A day after IBM Corp. renewed its offensive on the midrange server space by adding the eServer p670 to its lineup, Sun
Microsystems Inc. struck back Tuesday by unleashing the Sun Fire 12K.
The Sun Fire 12K fits between Sun’s midrange Sun Fire 6800 and Sun Fire 15K servers, and features the Uniboard — an interchangeable
CPU/memory board shared across all Sun servers from the Sun Fire Midframes to the 15K. It supports up to nine Dynamic System Domains
and up to 52 900 MHz UltraSPARC III processors, and offers 288 GB of memory. It runs on Solaris 8.
Other features include high-speed Fireplane Interconnect, hardware redundancy, online and on-the-fly service and upgrades, Sun
Enterprise and Professional Services, StorEdge solutions, and the ability to field upgrade to the Sun Fire 15K.
The server targets the midrange market which has traditionally been a playground for IBM and Hewlett-Packard, but with this release
Sun plans to take the space away from them.
“We plan to go right at them in the half a million dollars to million dollar space,” said Shahin Khan, chief competitive officer for
Sun.
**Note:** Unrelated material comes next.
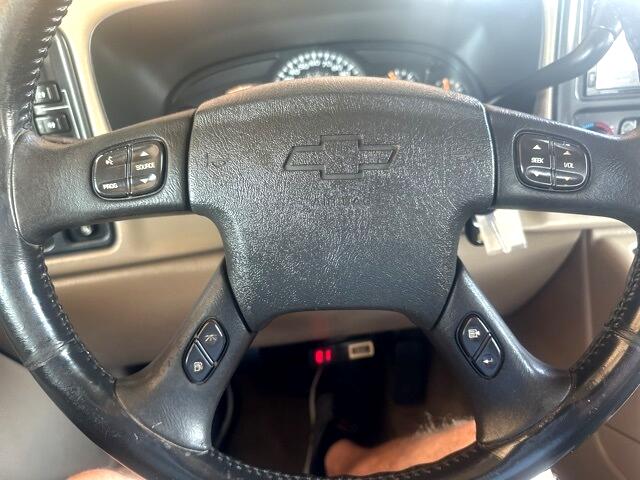 2004 Chevrolet Silverado 3500HD Base photo 24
He added, “This will slam the door shut in the face of Regatta and Superdome and systems like that.”
Sun calls the 12K its “Regatta Killer” and points to the Uniboard CPU/memory board as the proof. Because the Uniboard is
transportable and interchangeable among all of Sun’s Sun Fire 3800-15K systems, the company said it drives down the cost of
application provisioning and is a key differentiator for customers looking to lower total cost of ownership and improve return on
investment. The company said the Uniboard packaging allows customers to plan and manage entire application deployments rather than
focus on one system at a time. Additionally, the Dynamic System Domains are intended to enable flexible resource management in the
enterprise.
“With the Sun Fire 12K server, Sun will capitalize on a previously untapped market segment,” said Rich Partridge, enterprise systems
analyst at D.H. Brown Associates. “By employing the same technology as found in their well-received Sun Fire 15K, Sun now provides
enterprise-class dynamic partitioning and concurrent serviceability at an attractive $500,000 price tag. The scalability of the Sun
Fire 12K, along with its easy upgrade to the Sun Fire 15K, offers substantial performance headroom with investment protection.”
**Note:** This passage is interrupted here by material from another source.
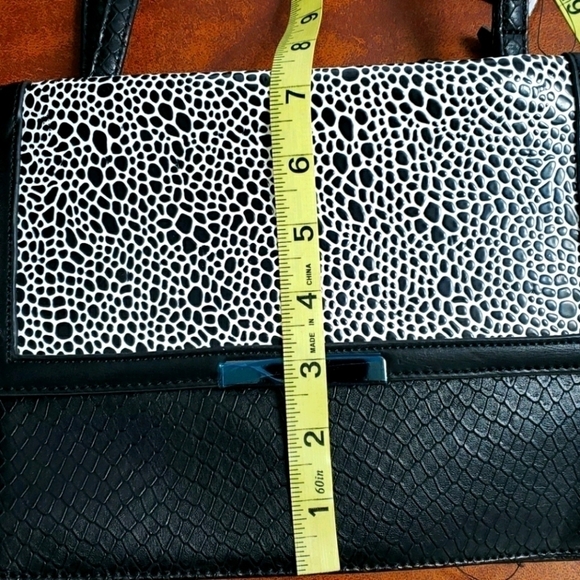 MARKS and Spencer Limited Ed Crossbody Bag NWT - Picture 13 of 14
Also, Sun said that unlike IBM’s pSeries technology, its technology and common system components allow for on-the-fly upgrade
capability that allow data centers to scale according to peak demand, while its design architecture allows for mixed CPU support.
In fact, Sun claimed that its 12K blows the comparable IBM p690 out of the water, featuring memory bandwidth of 29 GB/s as opposed
to 21 GB/s, and I/O bandwidth of 7 GB/s as opposed to 4.8 GB/s.
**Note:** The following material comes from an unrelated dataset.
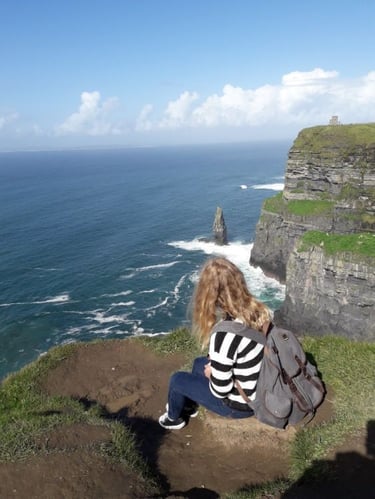 aifs-pia-schueleraustausch-irland-erfahrungen-cliffs-of-moher-person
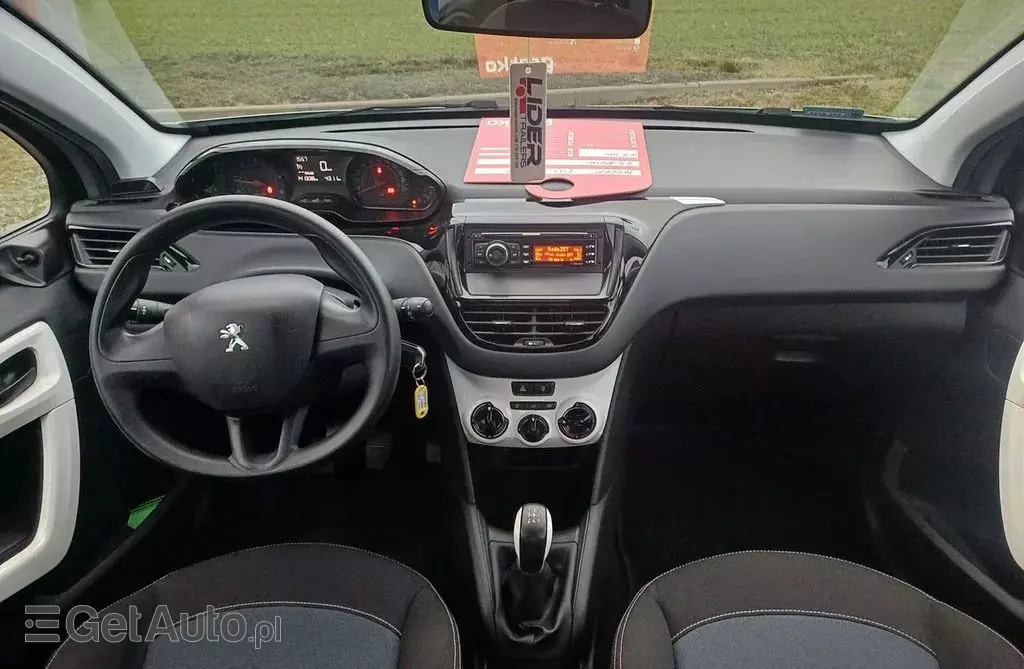 PEUGEOT 208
“The performance of a p690 is a lot like buying a junk bond,” Khan said. “In other words, buyer beware.”
The statement was an allusion to IBM’s server-on-a-chip technology, which places 2 CPUs on a single chip. The p690 supports up to 16
of these chips. However, Khan said that because those dual CPUs need to share resources, customers are only getting effective CPUs
per chip of between 1.5 and 1.8. According to Khan, that means p690 customers are only getting about 24 to 28 total effective CPUs,
as opposed to the 52 they would get with the 12K.
“We think that the p690, on a good day, is slightly faster than our 6800,” Khan said.
Sun is targeting the 12K at enterprises looking at server consolidation and mainframe rehosting.